NCCL Release 2.1.15
Key Features and Enhancements
Using NCCL 2.1.15
Ensure you are familiar with the following notes when using this release.
- The NCCL 2.x API is different from NCCL 1.x. Some porting may be needed for NCCL 1.x applications to work correctly. Refer to the migration documentation in the NCCL Developer Guide.
- Starting in 2.2, NCCL supports collective aggregation. You can put multiple collectives in between ncclGroupStart() and ncclGroupEnd() to enable this feature.
Known Issues
- If NCCL returns an error code, set the environment variable NCCL_DEBUG to WARN to receive an explicit error message.
- Using multiple processes in conjunction with multiple threads to manage the different GPUs may in some cases cause ncclCommInitRank to fail while establishing IPCs (cudaIpcOpenMemHandle). This problem does not appear when using only processes or only threads.
- NCCL uses CUDA 9 cooperative group launch by default, which may induce increased latencies in multi-threaded programs.
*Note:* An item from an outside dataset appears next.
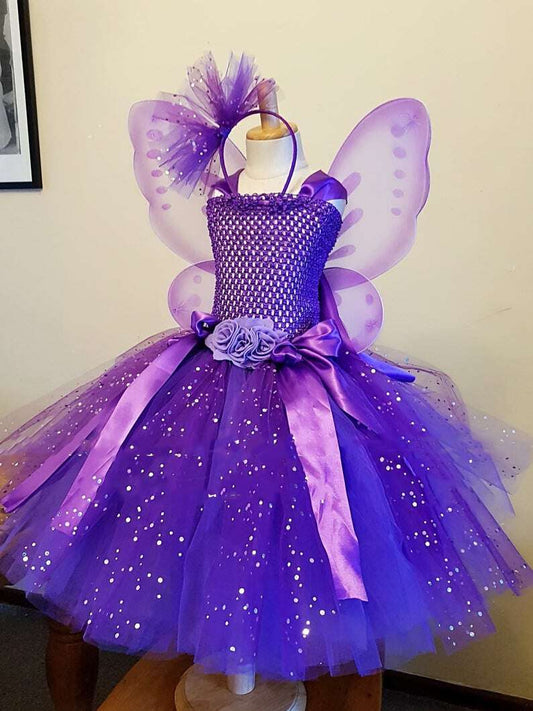 Purple Tulle Dress Girls Butterfly Dress Flower Fairy Tutu Dress Fairy Dress with Hairbow and Wing Kids Party Costume Dresses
See the NCCL_LAUNCH_MODE knob to restore the original behavior.
Fixed Issues
- Fixed CPU usage and scheduling of NCCL network threads.
- Fixed CUDA launch crash when mixing different types of GPUs in a node.
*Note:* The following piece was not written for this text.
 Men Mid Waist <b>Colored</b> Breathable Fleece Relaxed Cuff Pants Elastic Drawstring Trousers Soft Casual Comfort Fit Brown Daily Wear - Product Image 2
- Fixed a performance problem on Skylake CPUs.
- Fixed hanging issues with cudaFree and inter-node communication.
- Restored library installation path to /usr/lib/x86_64-linux-gnu in debian packages.
- Fixed RoCEv2 failure when using a non-zero GID.
- No longer link to stdc++ library statically as this can cause issues with C++ applications.
- Fixed PyTorch hanging issues when using multiple rings and many back-to-back broadcast operations.